Akhirnya Natalie beranjak dari duduknya. "Aku tunggu di ruangan Aiden," ucapnya beranjak. Natalie masih menyempatkan senyuman seakan menyemangati Agneta yang tampak takut pada Dave saat ia melewati Agneta.
Dave berdehem saat Natalie sudah keluar dari dalam ruangannya, dan entah kenapa atmosfir dingin yang membuat tubuh Agneta menggigil dan ketakutan mulai memenuhi ruangan ini. Ia tak berani menatap Dave di hadapannya.
Dave beranjak dari duduknya dan berjalan pelan mendekati Agneta dengan memasukkan kedua tangannya ke dalam saku celananya. Ia bersandar pada meja di belakangnya tepat di hadapan Agneta, ia masih menatap wajah Agneta.
"Agneta Laurinda Aretina, seorang janda beranak satu," ucap Dave. "Benarkah kau seorang janda?" pertanyaan Dave sontak membuat Agneta menengadahkan kepalanya membuat tatapannya langsung beradu dengan mata tajam yang sangat dingin dari Dave.
"Ada apa kau kaget?" tanya Dave tersenyum sinis. "Emm, bagaimana kalau Aiden tau, bahkan Regan tau siapa aku. Dan apa yang pernah terjadi pada kita 5 tahun yang lalu."
"Apa mau mu?" tanya Agneta menampilkan tatapan kesal penuh emosi.
"Terima tawaran Bu Anna menggantikannya untuk ikut pergi ke Malaysia bersamaku," ucap Dave penuh penekanan.
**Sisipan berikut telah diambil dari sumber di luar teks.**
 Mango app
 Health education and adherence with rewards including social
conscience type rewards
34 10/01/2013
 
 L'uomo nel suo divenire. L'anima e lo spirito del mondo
"Kau pikir aku tidak tau maksud busukmu," ucap Agneta membuat Dave terkekeh dan itu terdengar sangat menyeramkan. Agneta berusaha keras melawan rasa takut dan merinding dalam tubuhnya.
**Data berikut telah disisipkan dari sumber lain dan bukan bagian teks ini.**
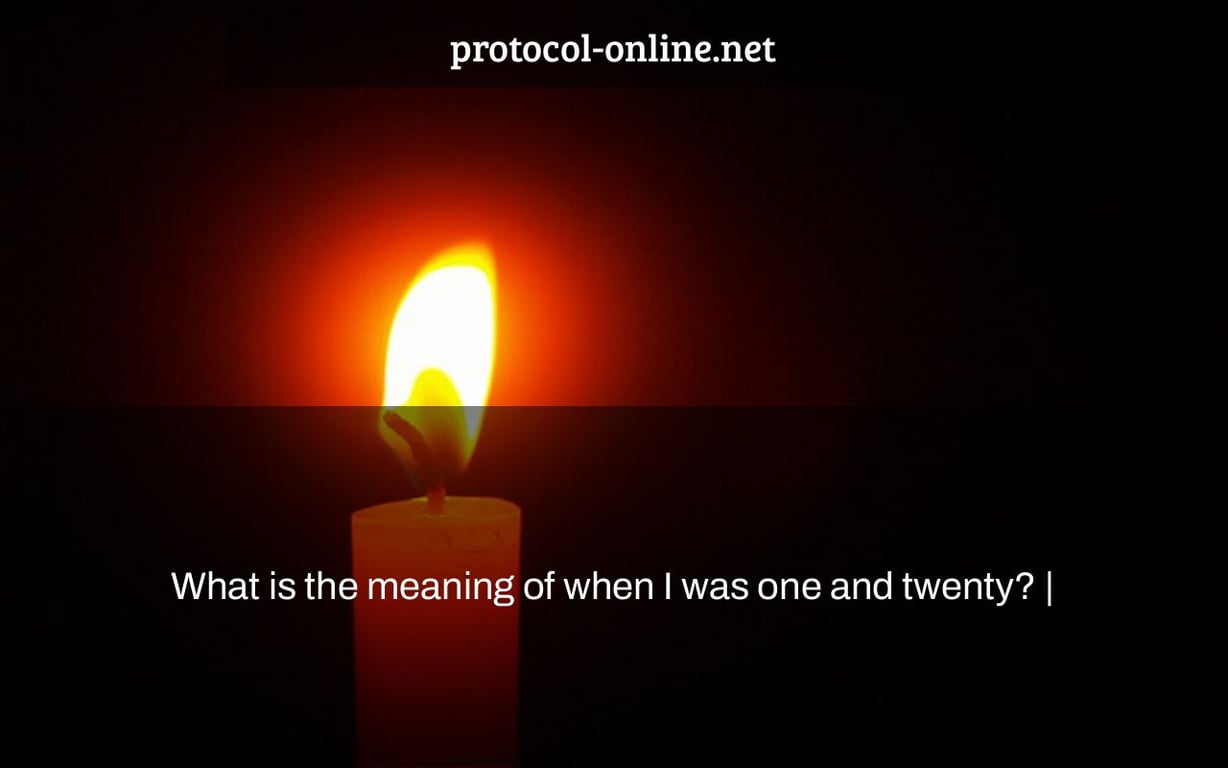 What is the meaning of when I was one and twenty? |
Ia berjalan mundur saat Dave beranjak dan berjalan mendekatinya. Agneta tersentak saat Dave dengan mudah merengkuh pinggangnya dengan sebelah tangan hingga Agneta jatuh di pelukannya dan menempel di tubuh Dave. Agneta berusaha berontak tetapi sangat sulit.
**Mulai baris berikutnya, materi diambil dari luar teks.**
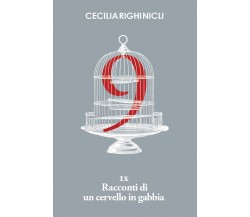 IX racconti di un cervello in gabbia di Cecilia Righi Nicli,  2021,  Youcanprint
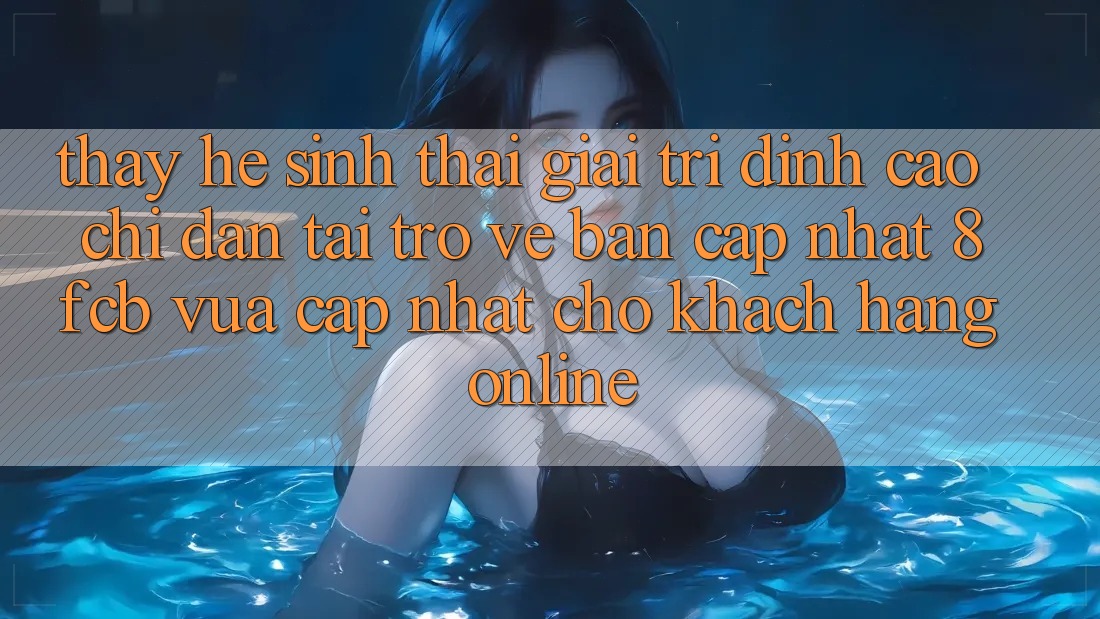 Thấy Hệ Sinh Thái Giải Trí Đỉnh Cao: Chỉ dẫn Tải trở về Bản Cập Nhật 8fcb Vừa cập nhật Cho Khách hàng Online Thấy Hệ Sinh Thái Giải Trí Đỉnh Cao: Chỉ dẫn Tải trở về Bản Cập Nhật 8fcb Vừa cập nhật Cho Khách hàng Online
"Terima atau semuanya akan terbongkar," ucap Dave membuat Agneta semakin ketakutan.
"Kau pikir aku takut? Itu hanya masalalu," ucap Agneta berusaha menantang. Ia tau tugas dinas ke Malaysia memakan waktu cukup lama dan itu hanya berdua dengan Dave.
"Benarkah? Hanya masalalu? Lalu Regan bukankah sudah menjadi bukti dari kejadian masalalu itu."
Deg
Mata Agneta membelalak lebar dengan mulut yang sedikit terbuka, Dave tersenyum menyeramkan di hadapan Agneta. Agneta merasa seluruh saraf pada tubuhnya putus dan ia mendadak lemas hingga ia tak bisa menompang tubuhnya sendiri dan bertompang pada Dave yang masih merengkuh tubuhnya.
"Pikirkan semuanya dengan baik, Sayang," bisik Dave bahkan dengan kurang ajarnya memangut bibir Agneta sebelum akhirnya melepaskan pegangannya pada Agneta membuat gadis itu mundur dua langkah. Tatapannya kosong ke arah Dave yang berjalan kembali ke kursi kebesarannya.
"Kau boleh keluar sekarang, Nona Agneta." Dave menyeringai puas melihat wajah pucat Agneta.
Agneta beranjak dengan wajah pucatnya, langkahnya sedikit sempoyongan keluar dari ruangan kerja Dave.
"Yang seharusnya menjadi milikku, harus kembali kepadaku," gumamnya dengan seringai menakutkan.